Valérie Bacot a été jugée hier lundi 21 juin par un tribunal français pour avoir tué son mari qui la battait et la forçait à se prostituer pendant des années. L’un des avocats de l’accusée, Nathalie Tomasini au cours d’une interview  accordée au micro d’Europe1 a estimé que sa cliente a été trop abandonnée par les services d’aide de l’État.

L’ouverture des assises criminelles hier lundi à Saône-et-Loire a été l’occasion pour débuter le procès de Valérie Bacot. Cette dernière a été jugée pour avoir tué son mari proxénète qui lui servait de bourreau pendant des années. Selon ce que rapporte Europe1, l’homme avec qui elle vivait était bien avant le compagnon de sa mère. Celui-ci qui  commençait à abuser d’elle depuis à l’âge de 12 ans l’avait par la suite contrainte au mariage.

Daniel Pelotte a été un mari violent qui forçait sa femme à se prostituer pendant plusieurs années. “La journée d’hier a été plus que douloureuse pour Valérie.
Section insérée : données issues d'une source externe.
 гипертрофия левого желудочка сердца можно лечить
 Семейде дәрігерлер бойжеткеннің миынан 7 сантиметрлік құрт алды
Nous avons eu un avocat général qui est l’exemple même de ces magistrats qui ne comprennent pas encore qu’une femme sous emprise ne peut pas dénoncer son bourreau”, a déclaré Nathalie Tomasini, avocate de l’accusée dans une interview accordée à Europe1.

Par ailleurs, la femme de loi a critiqué le comportement de l’État qui a abandonné sa cliente à la merci d’un homme aussi violent et proxénète.  “Nous avons déjà eu deux missions d’inspection qui ont pointé du doigt tous les dysfonctionnements du système police-justice. Dans l’affaire de Valérie, c’est une multitude de dysfonctionnements de ce service de l’État qui seront également pointés du doigt et qui ont amené Valérie à n’avoir pas d’autre choix que de tirer pour ne pas mourir”, a-t-elle poursuivi.

À en croire les informations relayées par Europe1, la victime avait été déjà condamnée par la justice pour agression sexuelles sur Valérie Bacot au moment où elle était sa belle-fille. L’agresseur qui n’a pas écopé d’une longue peine était retourné à la demeure familiale après sa libération. “S’il avait été condamné pour viol avec une peine beaucoup plus lourde, toute cette histoire ne serait pas arrivée”, à fait savoir Nathalie Tomasini.

Préméditation ou pas, l’affaire de Valérie Bacot revêt diverses facettes. En 2016, le couple a eu une discussion autour des vues sexuelles sur la fille de 14 ans de Valérie Bacot dont disposerait Daniel Pelotte. “Il y a différents éléments. Vous avez cette volonté apparemment du père de prostituer sa fille comme il l’a fait avec sa mère. Et puis, il y a une passe dans le monospace familial qui va mettre le feu aux poudres. Une passe qui est un viol en direct”, a renchéri l’avocate. Valérie Bacot se servait d’une arme qui se trouvait dans la voiture de son mari pour le tuer en lui logeant d’une balle dans la nuque.